Co-Authored-By: Claude Sonnet 4.6 <noreply@anthropic.com>

src/bot/commands/register.ts

@@ -0,0 +1,171 @@
+import { Composer, InlineKeyboard } from "grammy";
+import { type Conversation, createConversation } from "@grammyjs/conversations";
+import type { BotContext } from "../context";
+import { findUser, createUser } from "../../db/users";
+import { generateMnemonic, deriveSparkAddress } from "../../payments/wallet";
+import { encryptMnemonic } from "../../payments/crypto";
+import { publishToRegistry } from "../../payments/registry";
+import { createRevealToken, consumeRevealByUserId } from "../../api/onetime";
+import { config } from "../../config";
+
+const MIN_PIN_LENGTH = 6;
+
+async function onboardingConversation(
+  conversation: Conversation<BotContext>,
+  ctx: BotContext
+): Promise<void> {
+  const userId = ctx.from!.id;
+  const chatId = ctx.chat!.id;
+  const username = ctx.from?.username ?? null;
+
+  // ── Step 1: PIN entry via DM, deleted immediately ─────────────────────────
+  const pinPrompt = await ctx.reply(
+    "Welcome!

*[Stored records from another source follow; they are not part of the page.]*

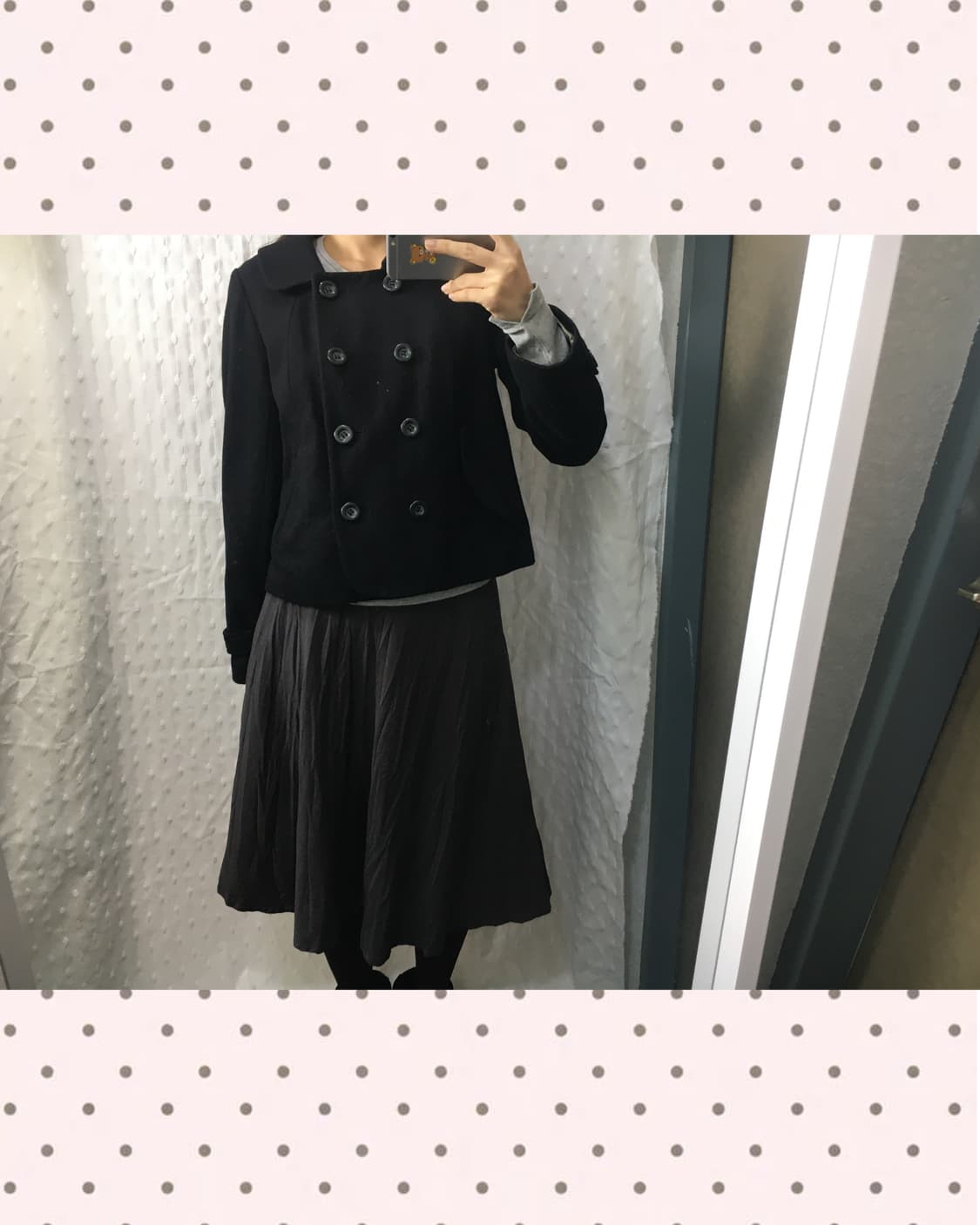 블랙 카라 울혼방 숏코트 상품이미지2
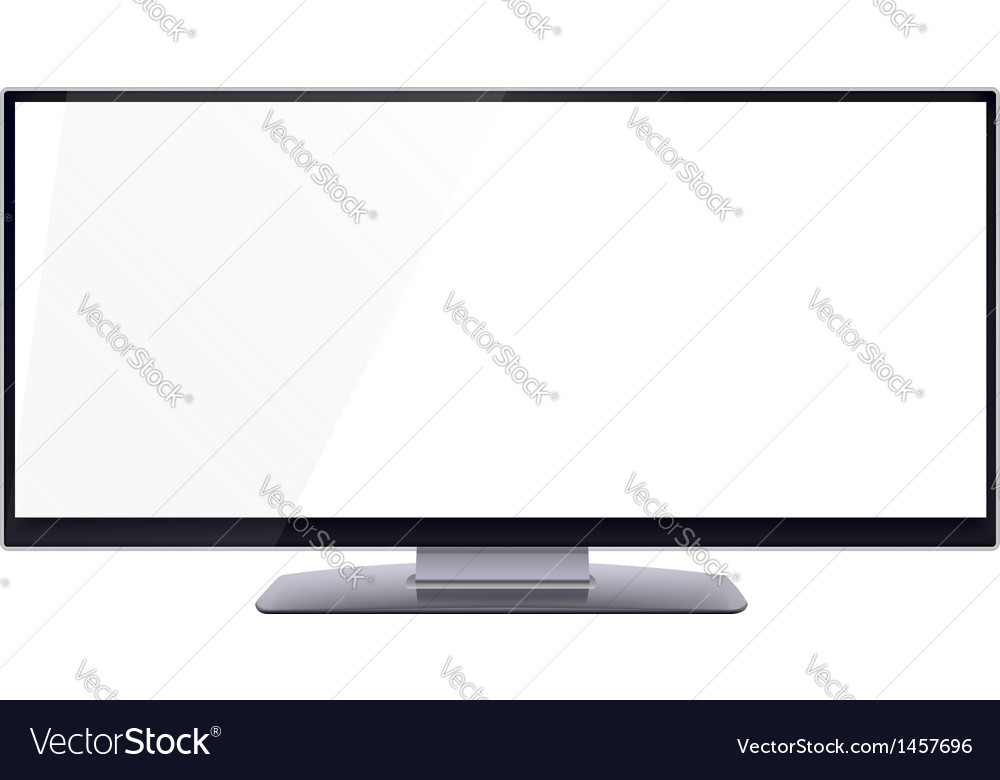 Blank wide computer screen for copy space Vector Image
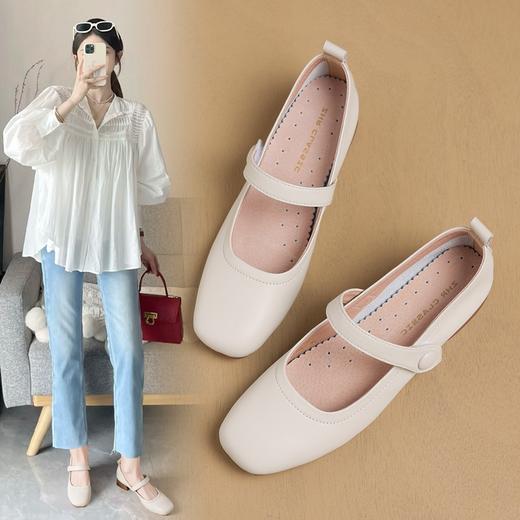 ZHR则则浅口单鞋女2024新款英伦小皮鞋优雅简约百搭粗跟女鞋玛丽珍鞋 商品图0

I'll set up your self-custodial Lightning wallet.\n\n" +
+      "Choose a PIN (min 6 characters). This encrypts your wallet seed.\n" +
+      "*Send your PIN now — I'll delete it immediately after reading:*",
+    { parse_mode: "Markdown" }
+  );
+
+  const pinMsg = await conversation.waitFor("message:text");
+  const pin = pinMsg.message.text.trim();
+
+  await Promise.allSettled([
+    ctx.api.deleteMessage(chatId, pinPrompt.message_id),
+    ctx.api.deleteMessage(chatId, pinMsg.message.message_id),
+  ]);
+
+  if (pin.length < MIN_PIN_LENGTH) {
+    await ctx.reply(`PIN too short (minimum ${MIN_PIN_LENGTH} characters). Try /start again.`);
+    return;
+  }
+
+  const confirmPrompt = await ctx.reply("Confirm your PIN:");
+  const confirmMsg = await conversation.waitFor("message:text");
+  const confirm = confirmMsg.message.text.trim();
+
+  await Promise.allSettled([
+    ctx.api.deleteMessage(chatId, confirmPrompt.message_id),
+    ctx.api.deleteMessage(chatId, confirmMsg.message.message_id),
+  ]);
+
+  if (pin !== confirm) {
+    await ctx.reply("PINs do not match. Try /start again.");
+    return;
+  }
+
+  await ctx.reply("Generating your wallet…");
+
+  // ── Step 2: create wallet ──────────────────────────────────────────────────
+  const mnemonic = generateMnemonic();
+  const sparkAddress = await deriveSparkAddress(mnemonic);
+  const encryptedMnemonic = encryptMnemonic(mnemonic, pin);
+
+  createUser(userId, username, encryptedMnemonic, sparkAddress);
+  await publishToRegistry(userId, sparkAddress).catch(() => null);
+
+  // ── Step 3: offer seed reveal choice ──────────────────────────────────────
+  if (config.webappUrl) {
+    const token = createRevealToken(userId, mnemonic);
+    const revealUrl = `${config.webappUrl}?seedToken=${token}#seed`;
+
+    const keyboard = new InlineKeyboard()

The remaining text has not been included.